**Web page caption snippets:**
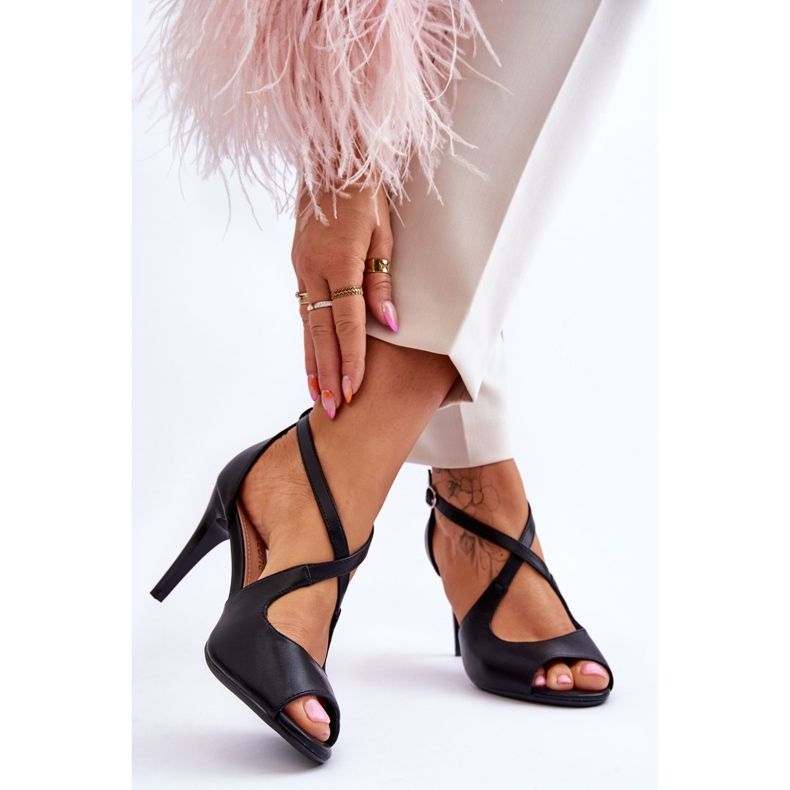 Módní kožené sandály na podpatku Sergio Leone SK429 Black černá 2 Módní kožené sandály na podpatku Sergio Leone SK429 Black černá 2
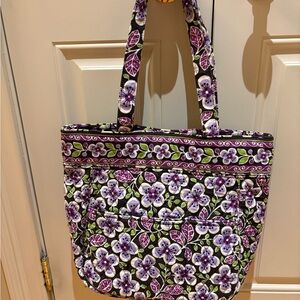 Vera Bradley tote. Floral Purple and Green Women's Bag. Size is 15.5 X 13.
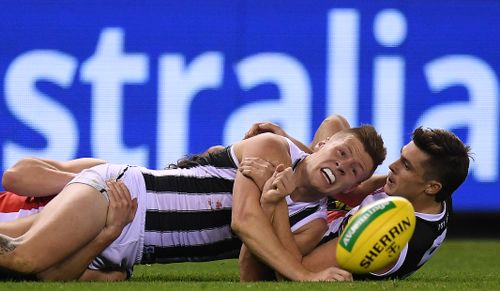 The Collingwood star during last Saturday's clash with St Kilda. (AAP)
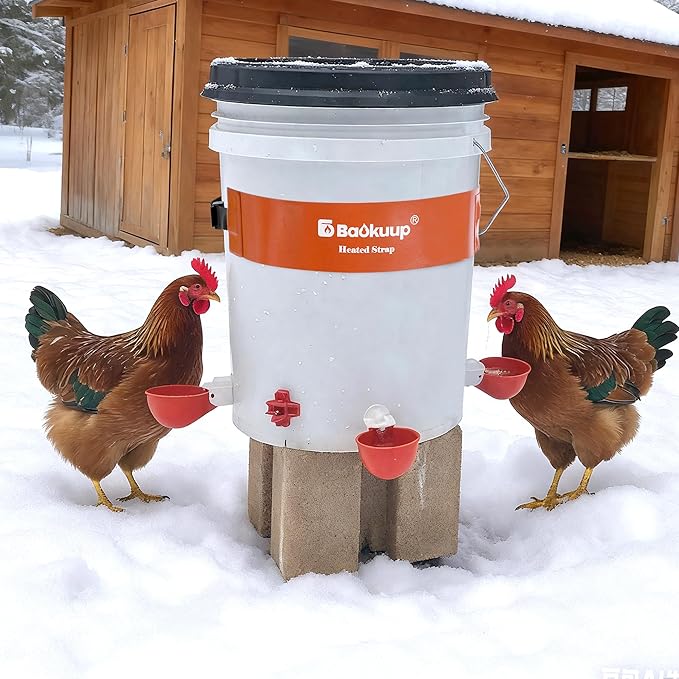 30 Inch Thermostatical Chicken Water Bucket Belt Heater, Silicone Chicken Waterer Heat Strap with 6.6 Ft Power Cord, Self-Regulating Poultry Water Heater Band for 2-5Gal Bucket Prevent Freezing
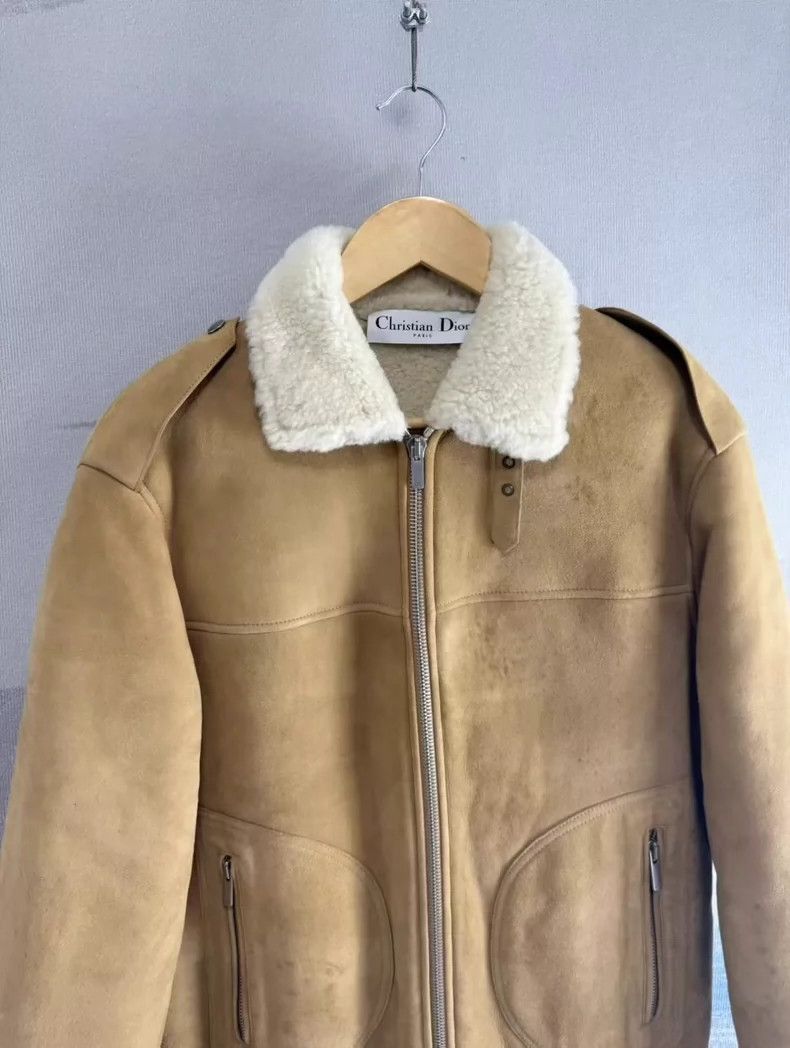 Dior Dior Tan Leather Jacket with Logo Embroidery-2505 Size US S / EU 44-46 / 1 - 3 Thumbnail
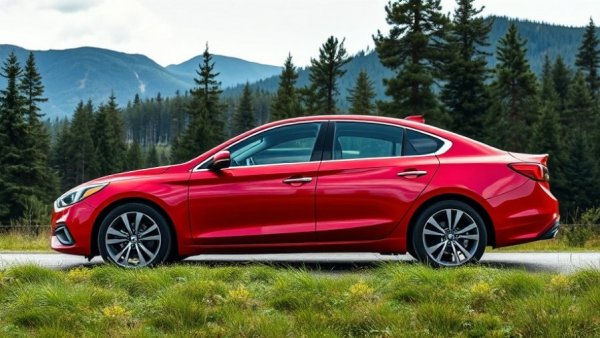Sleek red sedan parked near forested mountains, best cars for longevity.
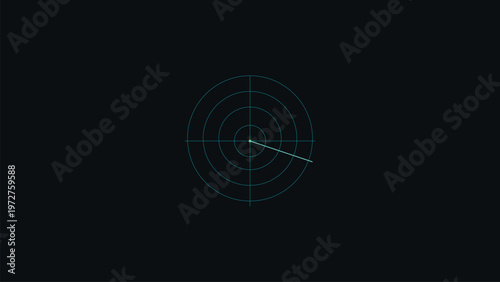Radar on black screen: A minimalist radar display pulses with a subtle, futuristic glow against the black screen, hinting at advanced technology and surveillance. 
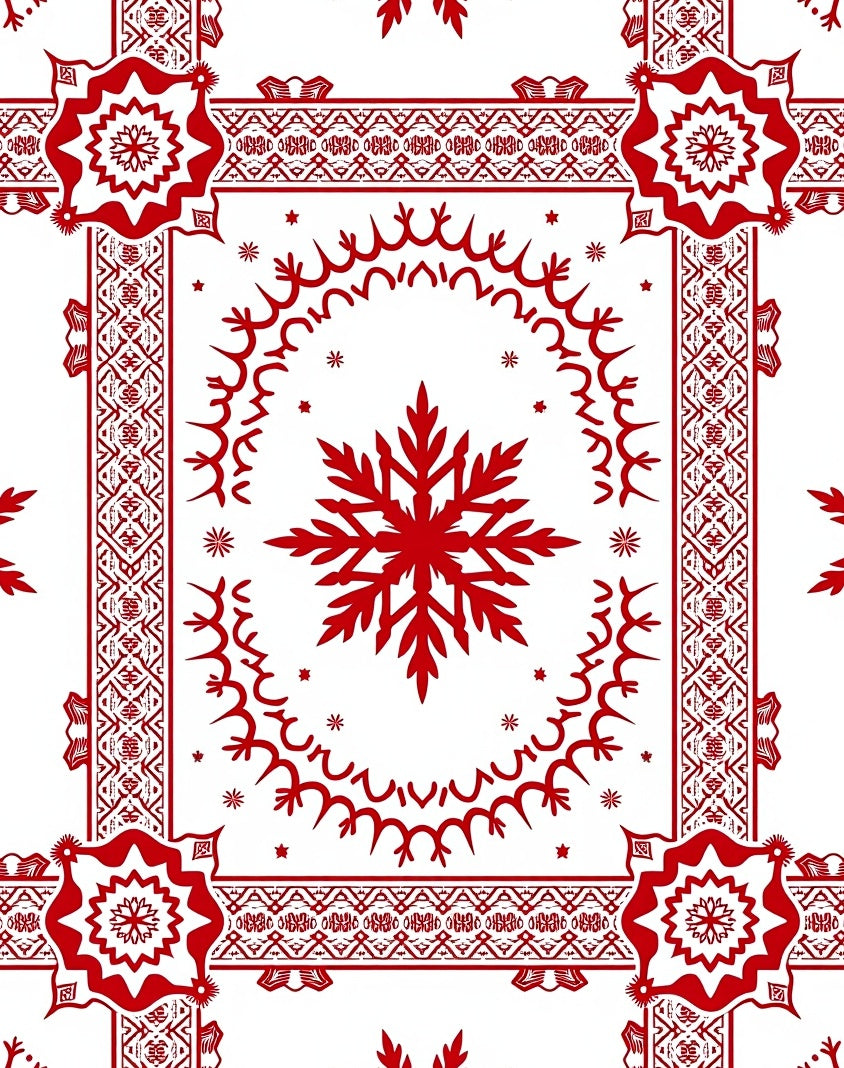 Floral Starburst Snowflake Composition Rug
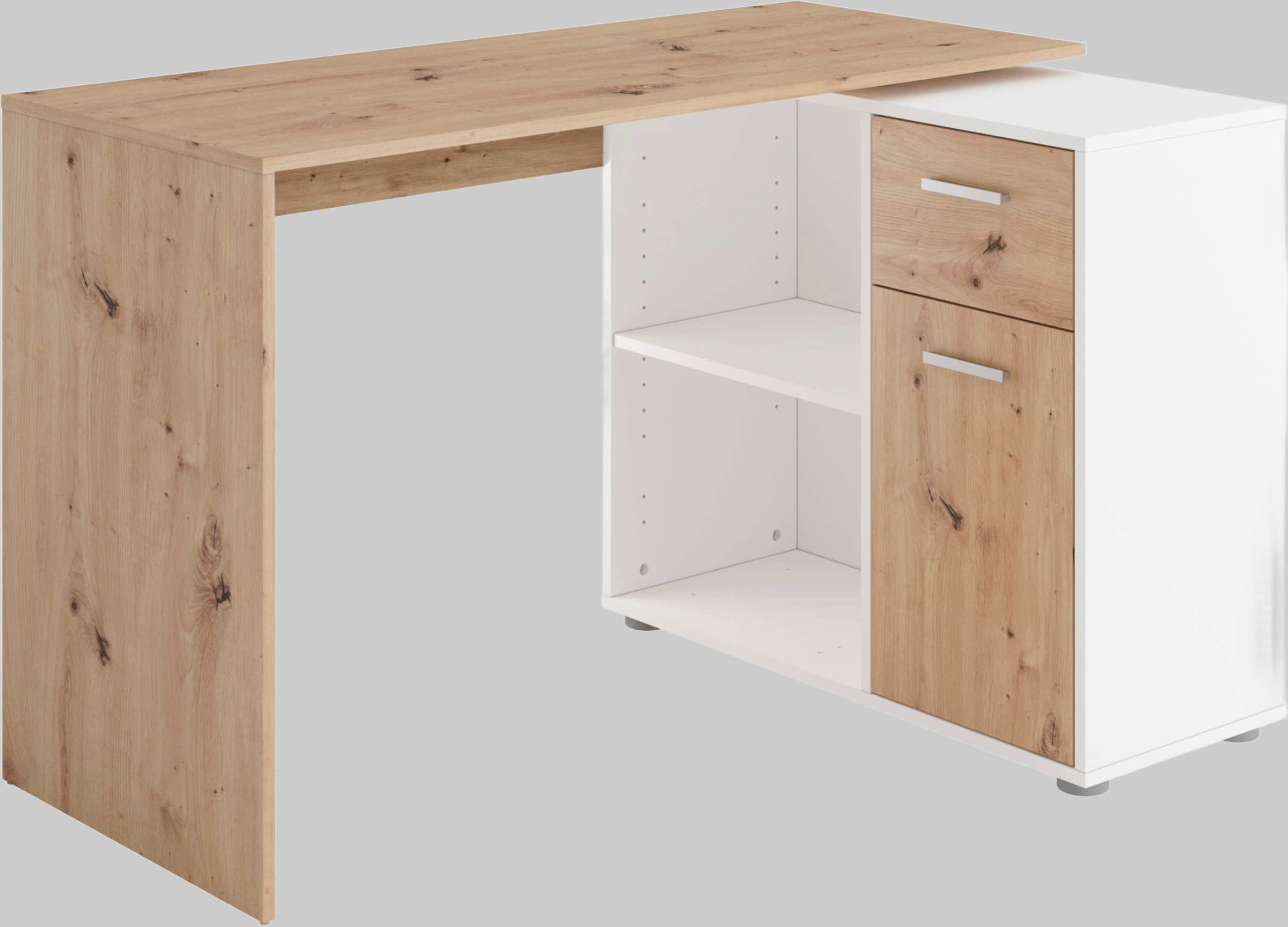 FMD FMD AUGSBURG Corner Desk - Multifunctional Home Office Solution with Storage (117/148cm) in Brown/Old-Style Steel or Gray/Concrete-White artisan ei Tische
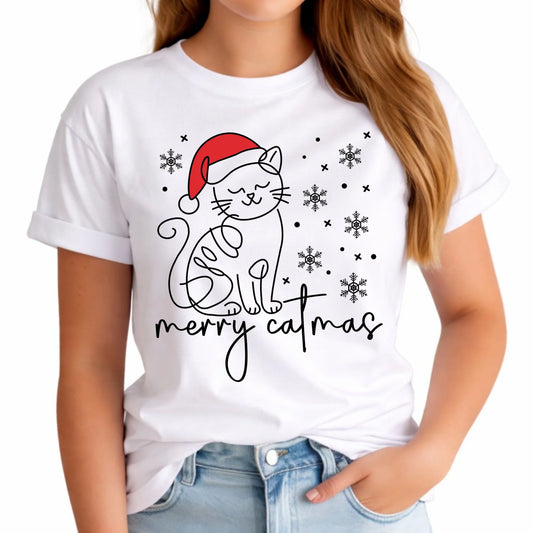 Koszulka damska świąteczna - prezent dla kociary - Merry catmas BN151 - StoryCups.pl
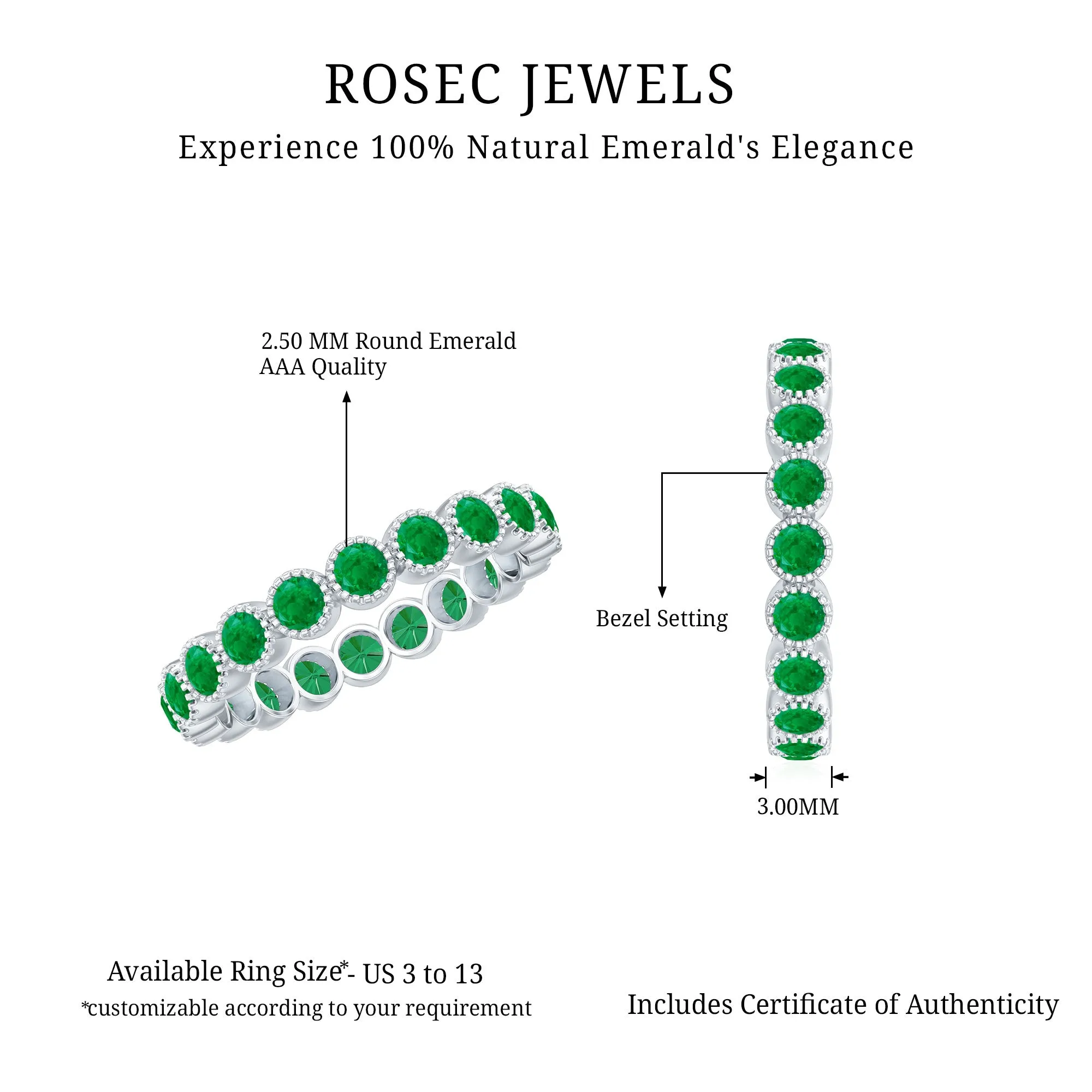 Milgrain Bezel Set Emerald Eternity Ring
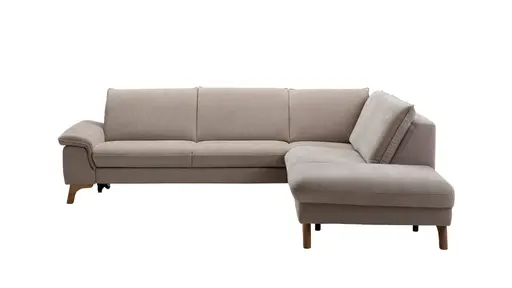 Ecksofa Tulsa KS - 2,5-Sitzer, Spitzecke und 1,5-Sitzer mit Anstellhocker rechts, Stoff, Graubeige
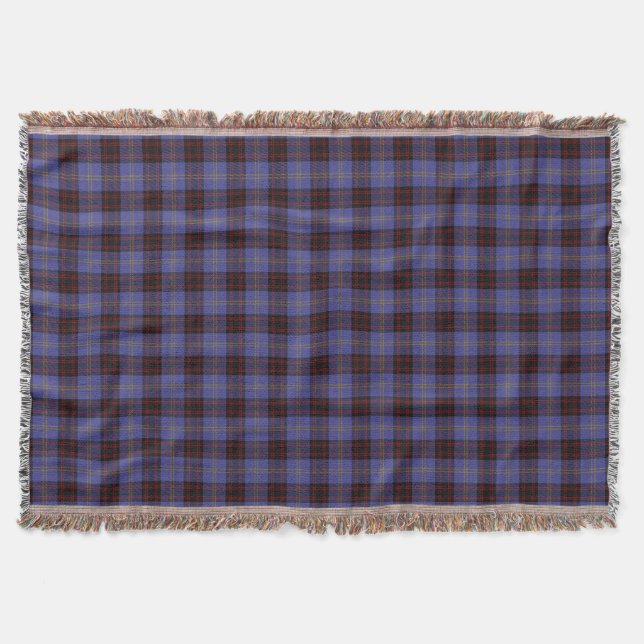 Scottish Clan Rutherford Tartan Throw Blanket (Front)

**THE TASK:**
Start with the first line of the records above and end with the line containing "Milgrain Bezel Set Emerald Eternity Ring". Output those lines exactly, pictures excluded.

**OUTPUT BELOW:**
 Módní kožené sandály na podpatku Sergio Leone SK429 Black černá 2 Módní kožené sandály na podpatku Sergio Leone SK429 Black černá 2
 Vera Bradley tote. Floral Purple and Green Women's Bag. Size is 15.5 X 13.
 The Collingwood star during last Saturday's clash with St Kilda. (AAP)
 30 Inch Thermostatical Chicken Water Bucket Belt Heater, Silicone Chicken Waterer Heat Strap with 6.6 Ft Power Cord, Self-Regulating Poultry Water Heater Band for 2-5Gal Bucket Prevent Freezing
 Dior Dior Tan Leather Jacket with Logo Embroidery-2505 Size US S / EU 44-46 / 1 - 3 Thumbnail
Sleek red sedan parked near forested mountains, best cars for longevity.
Radar on black screen: A minimalist radar display pulses with a subtle, futuristic glow against the black screen, hinting at advanced technology and surveillance. 
 Floral Starburst Snowflake Composition Rug
 FMD FMD AUGSBURG Corner Desk - Multifunctional Home Office Solution with Storage (117/148cm) in Brown/Old-Style Steel or Gray/Concrete-White artisan ei Tische
 Koszulka damska świąteczna - prezent dla kociary - Merry catmas BN151 - StoryCups.pl
 Milgrain Bezel Set Emerald Eternity Ring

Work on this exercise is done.